The problem:
Leave out the pictures and copy everything else in the entries exactly.
━━━━
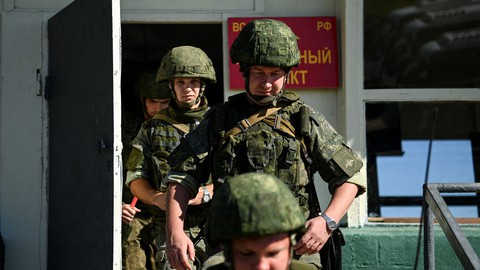 Phản ứng của Ukraine và các nước sau khi ông Putin ban hành lệnh động viên - Ảnh 1. Phản ứng của Ukraine và các nước sau khi ông Putin ban hành lệnh động viên - Ảnh 1.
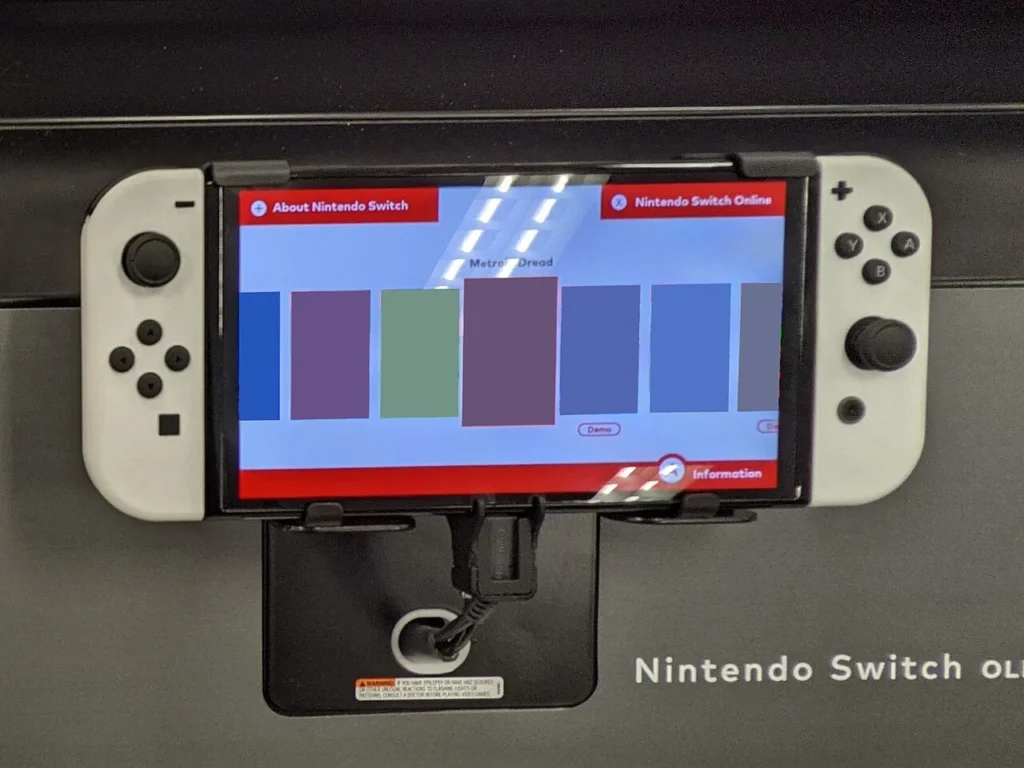 白色のNintendo Switch有機ELモデルの写真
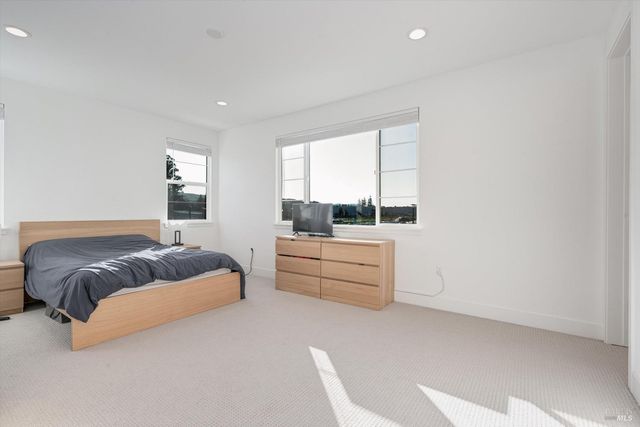 303 Flagship Dr, Napa, CA 94558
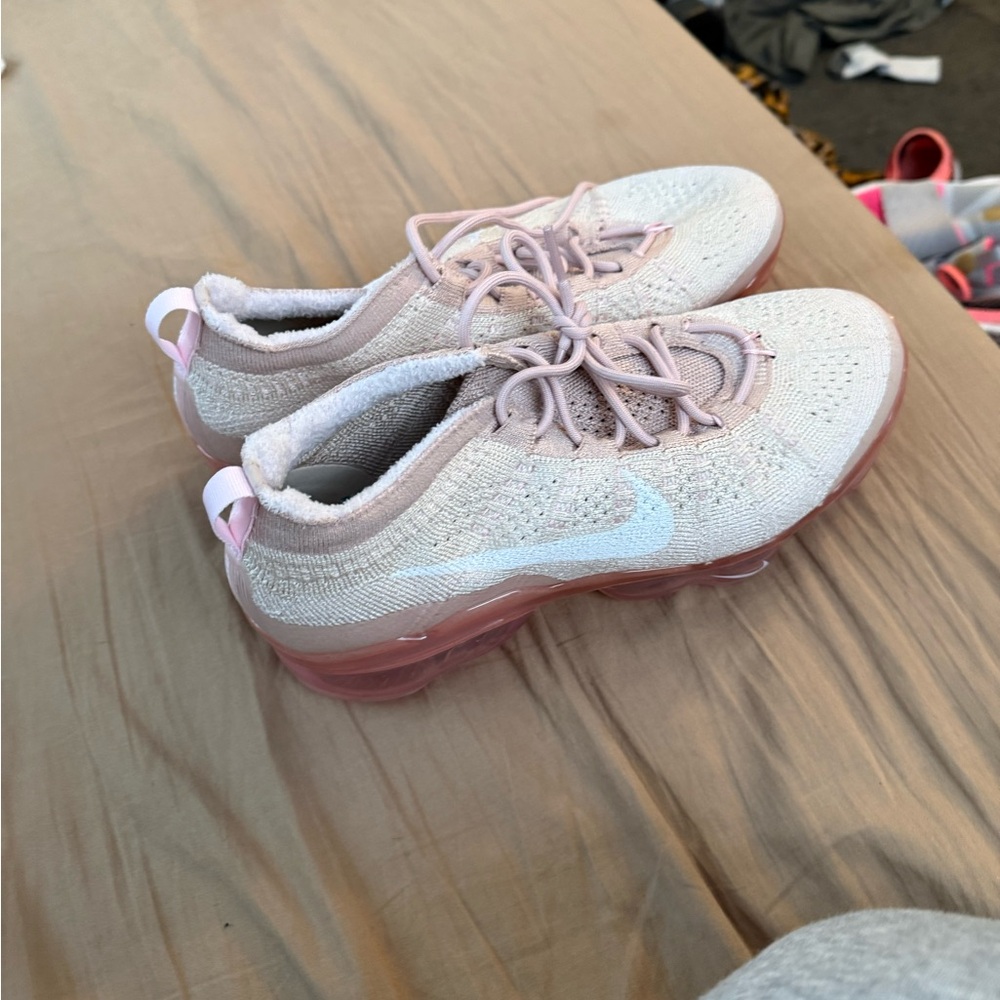 Nike Womens Light Pink and White Sneakers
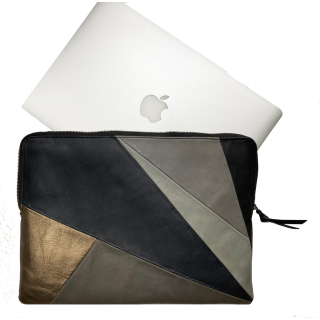 Leather laptop sleeve Lucas patchwork natural for the Apple 16 inch Leather laptop sleeve Lucas patchwork natural for the Apple 16 inch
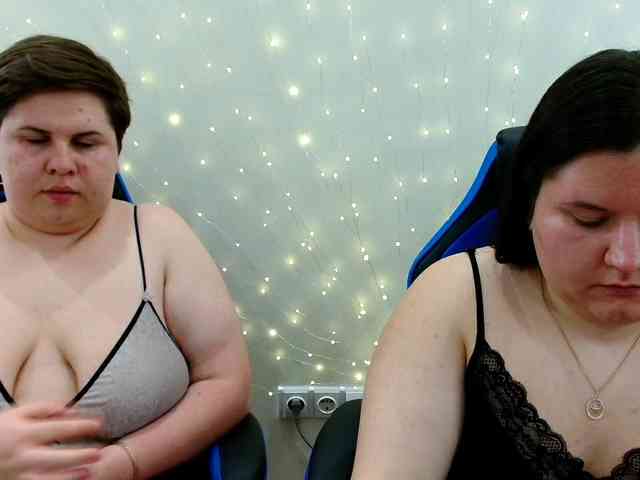 beckyandellen's live room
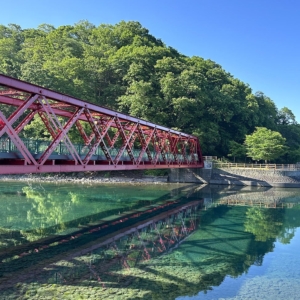 北海道旅行「支笏湖」の鏡面現象に運良く遭遇！夜と早朝に幻想的な光景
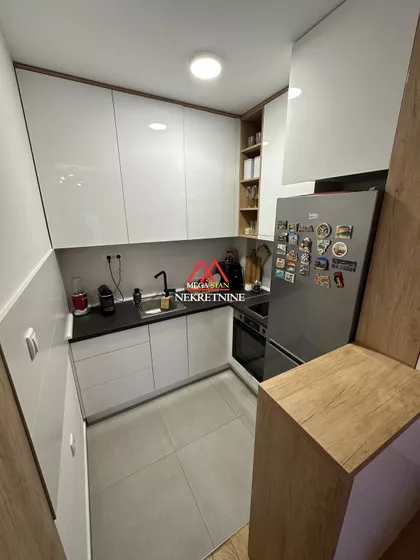 Svetojovanska | 4zida.rs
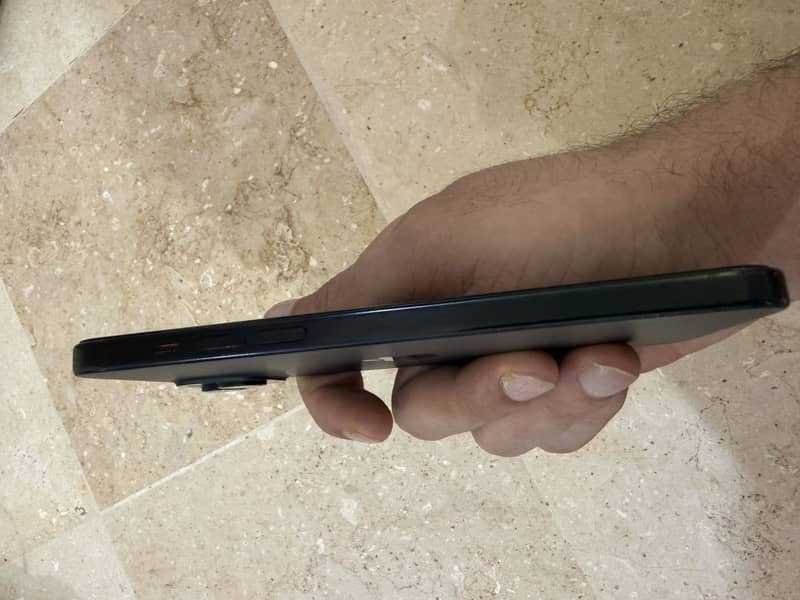 Apple iPhone 15 plus 2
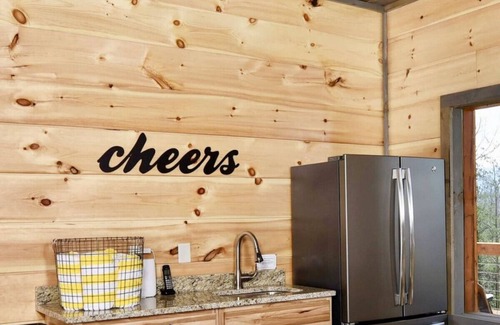 Gatlinburg - Pigeon Forge Apartment | Summit Castle~Theater~Fire Pit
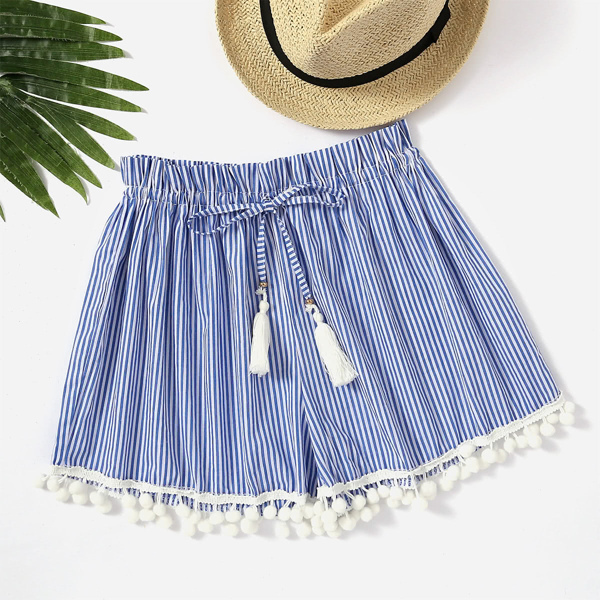 

Vertical Striped Drawstring Waist Pompom Hem Shorts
━━━━
Answer space:
 Phản ứng của Ukraine và các nước sau khi ông Putin ban hành lệnh động viên - Ảnh 1. Phản ứng của Ukraine và các nước sau khi ông Putin ban hành lệnh động viên - Ảnh 1.
 白色のNintendo Switch有機ELモデルの写真
 303 Flagship Dr, Napa, CA 94558
 Nike Womens Light Pink and White Sneakers
 Leather laptop sleeve Lucas patchwork natural for the Apple 16 inch Leather laptop sleeve Lucas patchwork natural for the Apple 16 inch
 beckyandellen's live room
 北海道旅行「支笏湖」の鏡面現象に運良く遭遇！夜と早朝に幻想的な光景
 Svetojovanska | 4zida.rs
 Apple iPhone 15 plus 2
 Gatlinburg - Pigeon Forge Apartment | Summit Castle~Theater~Fire Pit

Vertical Striped Drawstring Waist Pompom Hem Shorts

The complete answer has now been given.